Die Meisterin des Biographischen
Ilka Scheidgen gelang es, viele Gespräche mit der “Königin der Kurzgeschichte” (Tilman Krause) zu führen. Eine Vielzahl an Veröffentlichungen über Schriftsteller und Dichterinnen machen ihren Ruf als Könnerin des Biographischen deutlich. Beispielhaft ist ihr mehrfach aufgelegtes Buch “Dichterin des Dennoch” über die Lyrikerin Hilde Domin. Ein weiterer Grund für Wohmanns Einverständnis, sich für eine Biographie befragen zu lassen: Scheidgen ist nicht allein Biographin, sondern als Schriftstellerin auch selbst mit dem fiktionalen Schreiben vertraut. So handelt es sich bei ihrem Buch über Wohmann auch nicht um das von vielen über viele Jahre erhoffte Enthüllungswerk.
Auslegung des Lebens
Es ist weniger und mehr: Scheidgen schreibt das Leben Wohmanns mit deren Schreiben gleichsam ineinander. Denn die Beschreibung ihrer Werke wird zur Auslegung des Lebens.
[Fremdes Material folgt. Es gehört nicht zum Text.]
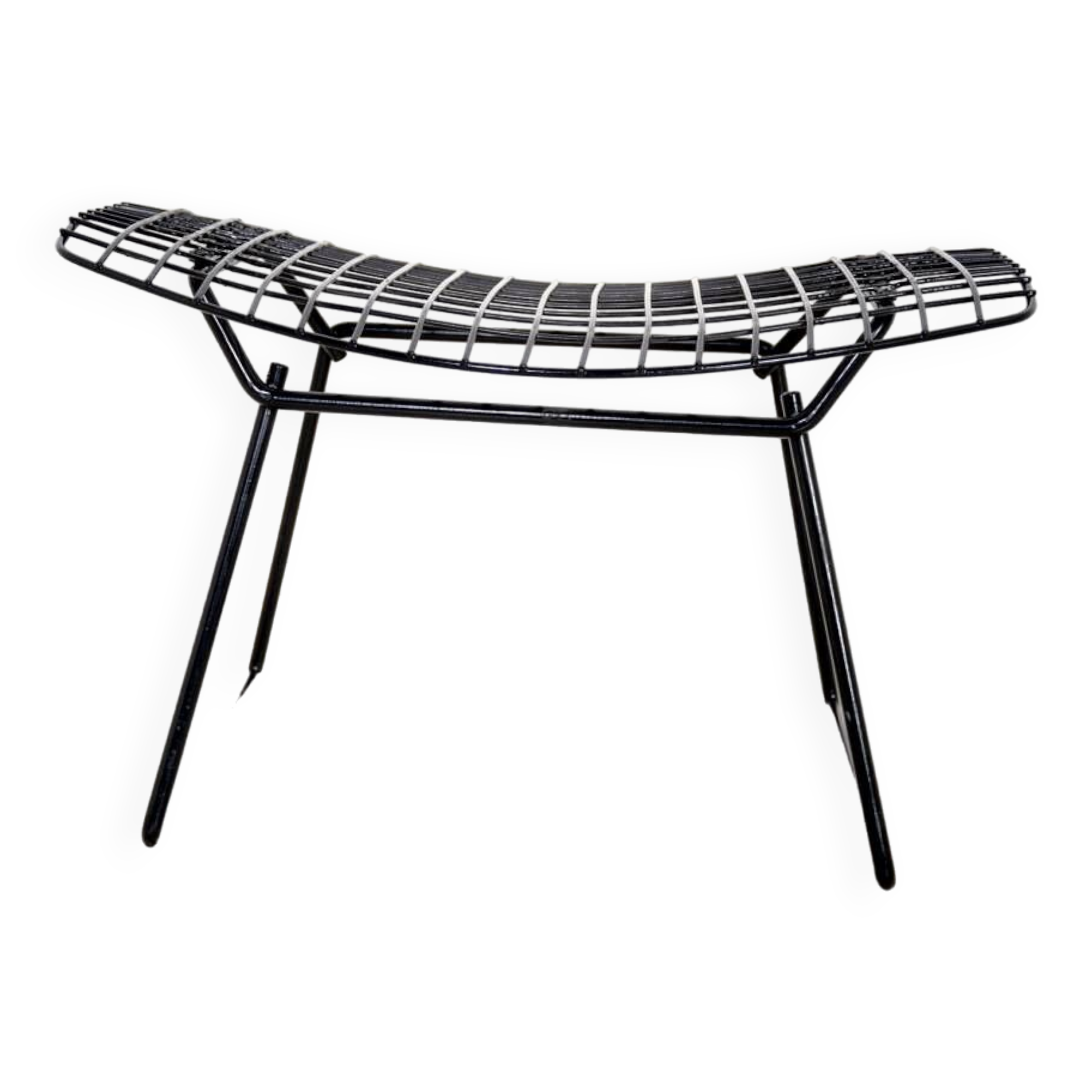 Vintage Bertoia footrest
Und umgekehrt. Zum 80. Geburtstag 2012 erschien “Gabriele Wohmann. Ich muss neugierig bleiben”. Es ist die erste und einzige Biographie über die 2015 verstorbene Autorin. Unterdessen ist sie vergriffen, allenfalls noch antiquarisch erhältlich. Jetzt aber unter dem Titel “Gabriele Wohmann. Meisterin der Kurzgeschichte” neu aufgelegt und wieder erhältlich.